My conversation yesterday with prohibitionist author Dr. Ed Gogek MD included one portion where he made the claim that alcohol itself was no more dangerous than black tar heroin or crystal meth, but so many more people die from alcohol because it is legally accessible. So, apparently, because alcohol is legal and kills thousands of people, we must keep prohibited the marijuana that never kills anybody.
That bit of logical fallacy inspired today’s sharable graphic on a study released just this year comparing the relative risks of drugs of abuse. Previous studies had compared the ratio of effective dose (ED50) to lethal dose (LD50) to calculate a so-called therapeutic ratio. This method was criticized by some as failing to account for real-world use of these drugs, overemphasizing the dangers of some while minimizing the dangers of others.

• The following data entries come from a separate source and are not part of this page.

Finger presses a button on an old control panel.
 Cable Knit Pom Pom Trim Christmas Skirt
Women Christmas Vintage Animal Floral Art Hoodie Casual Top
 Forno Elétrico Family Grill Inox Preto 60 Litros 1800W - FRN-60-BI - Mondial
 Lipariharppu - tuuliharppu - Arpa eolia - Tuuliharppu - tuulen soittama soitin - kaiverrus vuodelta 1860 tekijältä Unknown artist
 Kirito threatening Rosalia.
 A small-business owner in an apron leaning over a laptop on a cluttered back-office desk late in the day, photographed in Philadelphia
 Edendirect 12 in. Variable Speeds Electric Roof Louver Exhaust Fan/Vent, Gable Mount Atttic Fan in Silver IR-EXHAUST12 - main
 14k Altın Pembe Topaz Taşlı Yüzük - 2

The new methods is one called “Margin of Exposure”. It calculates the ratio between the “typical use” of a drug versus the “benchmark dose” at which adverse effects are felt. Thus, typical use might be more or less than the effective dose where a “high” is felt; infrequent users may not reach that point and users with tolerance may surpass that point. Benchmark dose doesn’t have to be the point at which drug users die; it can be the point at which they’re having an adverse reaction.
Measuring with Margin of Exposure, the researchers could drill down to the effect of individual daily drug use and compare that with the aggregate use by an entire population, from infrequent to chronic users.